Given information —

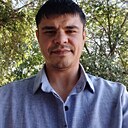 Hrust, 38 лет
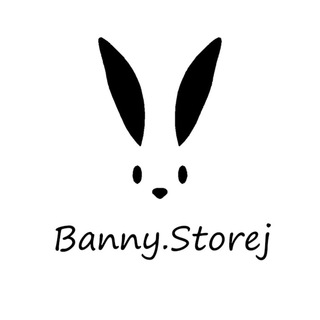 Логотип телеграм -каналу bannystorej — Banny.storej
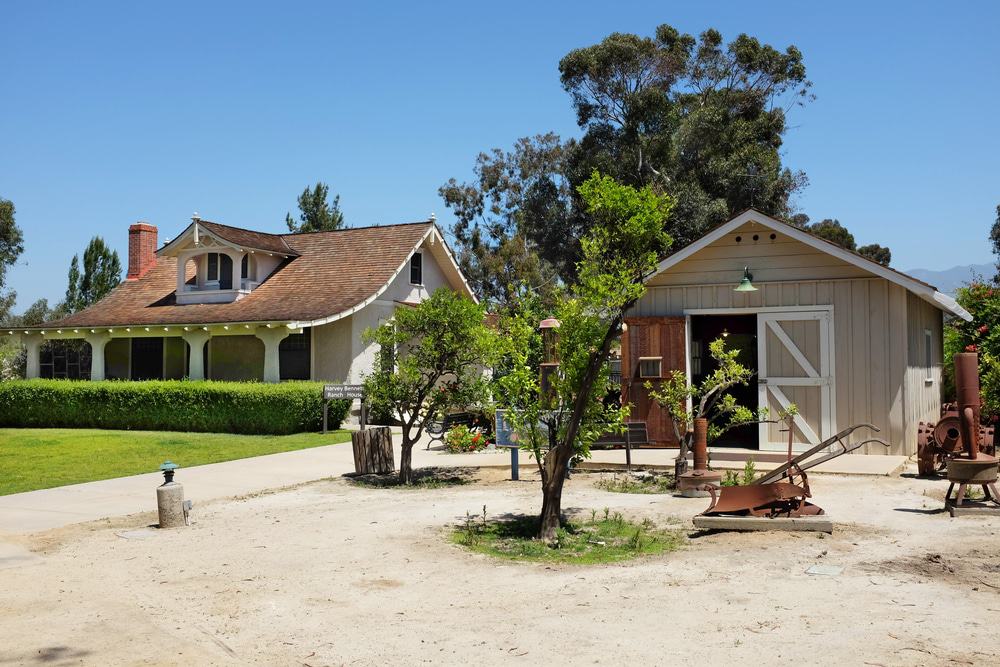 Heritage Hill Historic Park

Task —
Where pictures sit among the data above, omit them, and output the rest exactly.

Answer to this problem —
 Hrust, 38 лет
 Логотип телеграм -каналу bannystorej — Banny.storej
 Heritage Hill Historic Park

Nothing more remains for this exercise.